BEGIN INPUT DATA

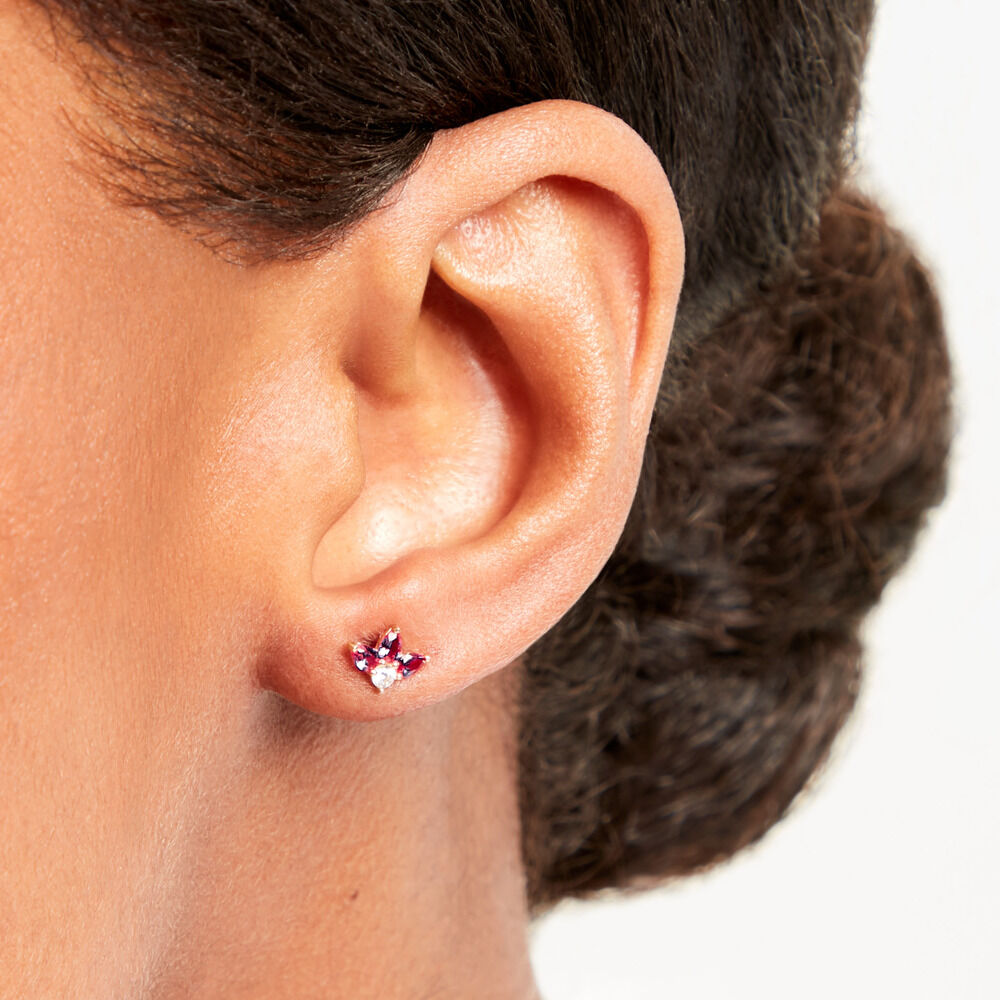 Boucles D'Oreilles Puces Blanid Or Jaune Oxyde De Zirconium - Puces Femme | Marc Orian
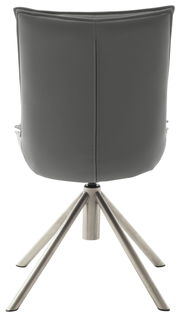 Rückansicht eines modernen Stuhls mit grauer Polsterung und einem stabilen Metallgestell mit vier Beinen.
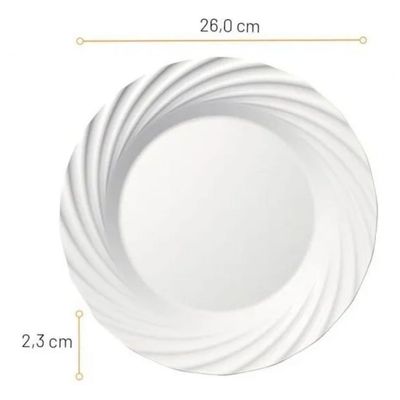 Conjunto 6 Pratos Duralex Jasmim Raso Almoço 26cm - Nadir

END INPUT DATA

## TASK DIRECTIONS
No pictures belong in the copy. Return exactly the lines from the line containing "Rückansicht eines modernen" through the last line of the listing.

## RESPONSE AREA
 Rückansicht eines modernen Stuhls mit grauer Polsterung und einem stabilen Metallgestell mit vier Beinen.
 Conjunto 6 Pratos Duralex Jasmim Raso Almoço 26cm - Nadir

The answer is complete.